相続人が多い・遠方で集まれない場合、手続きが止まりやすい原因はだいたい次の2つです。
相続人が複数の“詰まりポイント”
- 署名・押印・印鑑証明の回収が追いつかない(期限切れでやり直しも)
- 「誰が窓口になるか」が決まらず、連絡が分散して混乱する
百十四銀行の郵送手続き案内では、相続人が複数で所在地が離れている場合に、「委任状」を使って相続届の代用ができる旨が示されています。 これを上手に使うと、往復回数が減って進みやすくなります(後ほど具体的に説明します)。
全体の流れ:口座解約(払戻し)までの4ステップ
Step1:相続発生の連絡(電話または来店)
まずは百十四銀行へ、亡くなられた方(被相続人)の情報を伝えます。 連絡時には、口座の特定に役立つ通帳・キャッシュカードなどがあるとスムーズです。
ここは先に知っておくと安心です
百十四銀行では、相続の連絡後、相続手続きが終わるまで口座の入出金などができなくなる旨が案内されています。 生活費や施設費などの引落しがある場合は、先に「止まると困る支払い」を確認しておきましょう。

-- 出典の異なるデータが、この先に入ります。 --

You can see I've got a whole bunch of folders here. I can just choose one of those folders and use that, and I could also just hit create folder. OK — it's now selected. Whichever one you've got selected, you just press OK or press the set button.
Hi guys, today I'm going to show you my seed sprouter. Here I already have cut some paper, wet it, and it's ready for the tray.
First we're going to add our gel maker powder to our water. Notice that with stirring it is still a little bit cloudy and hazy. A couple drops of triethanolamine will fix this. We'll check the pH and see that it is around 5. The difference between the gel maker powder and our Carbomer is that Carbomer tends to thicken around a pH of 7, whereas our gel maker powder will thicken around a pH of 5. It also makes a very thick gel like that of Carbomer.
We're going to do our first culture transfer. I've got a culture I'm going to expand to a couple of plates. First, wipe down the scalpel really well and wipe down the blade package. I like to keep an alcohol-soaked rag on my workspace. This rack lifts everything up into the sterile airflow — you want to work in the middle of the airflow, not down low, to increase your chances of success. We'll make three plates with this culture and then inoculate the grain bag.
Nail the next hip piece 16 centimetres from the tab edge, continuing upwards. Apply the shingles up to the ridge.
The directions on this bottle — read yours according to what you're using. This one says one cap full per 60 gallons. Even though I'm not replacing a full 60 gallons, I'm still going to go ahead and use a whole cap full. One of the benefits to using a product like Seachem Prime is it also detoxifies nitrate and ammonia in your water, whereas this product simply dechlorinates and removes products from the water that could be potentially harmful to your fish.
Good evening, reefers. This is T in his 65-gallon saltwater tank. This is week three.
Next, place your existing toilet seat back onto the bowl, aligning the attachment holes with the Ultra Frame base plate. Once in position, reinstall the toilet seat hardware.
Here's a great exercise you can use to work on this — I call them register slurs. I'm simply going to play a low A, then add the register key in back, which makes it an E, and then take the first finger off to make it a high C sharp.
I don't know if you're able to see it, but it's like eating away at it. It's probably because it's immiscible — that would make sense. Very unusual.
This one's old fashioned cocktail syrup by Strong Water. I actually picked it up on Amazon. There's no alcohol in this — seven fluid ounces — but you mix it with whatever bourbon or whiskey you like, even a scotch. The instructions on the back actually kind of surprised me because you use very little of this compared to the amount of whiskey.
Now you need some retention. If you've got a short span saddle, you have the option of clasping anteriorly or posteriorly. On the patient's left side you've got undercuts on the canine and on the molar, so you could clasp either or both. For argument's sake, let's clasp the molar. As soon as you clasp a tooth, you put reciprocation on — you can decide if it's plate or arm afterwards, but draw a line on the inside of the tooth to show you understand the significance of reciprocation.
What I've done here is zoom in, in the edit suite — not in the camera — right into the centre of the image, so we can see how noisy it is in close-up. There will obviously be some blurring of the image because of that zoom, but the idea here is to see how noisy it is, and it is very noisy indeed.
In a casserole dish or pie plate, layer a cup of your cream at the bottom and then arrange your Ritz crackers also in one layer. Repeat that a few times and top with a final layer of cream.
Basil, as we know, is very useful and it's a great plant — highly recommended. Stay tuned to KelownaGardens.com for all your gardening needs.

Step2:必須書類の準備(所定の相続届等+公的書類)
百十四銀行から当行所定の「相続届」等が渡される(または郵送される)ので、それに沿って必要書類を揃えます。 必要書類は、遺言書や遺産分割協議書の有無などで変わります。
Step3:書類の提出(窓口または郵送)
窓口提出だけでなく、郵送手続きの案内も用意されています。 郵送の場合は、“不足があると往復回数が増える”ため、送付前のチェックが重要です。
Step4:払戻し等の手続き
書類が整うと、払戻し(解約)などの処理に進みます。 所要日数はケースで変わるため、「不足がない状態で提出」することが結果的に最短ルートになります。
最初にやること:連絡前に準備する3点(通帳・支店・引落し)
「とにかく銀行に電話しなきゃ」と焦りがちですが、電話前に3点だけ整えると、その後の案内が具体的になり、手戻りが減ります。
連絡前に準備する3点
- 取引が分かるもの:通帳・キャッシュカード・銀行からの郵便物など
- 支店の見当:通帳の表紙や取引明細、郵便物で確認
- 止まると困る引落し:家賃・施設費・公共料金・カード引落し(サブスク含む)
口座が止まると困る支払いがある場合は、「支払いの切替」「立替の段取り」「他口座へ資金移動の検討」など、家族で“つなぎ”を作ってから動くと安心です。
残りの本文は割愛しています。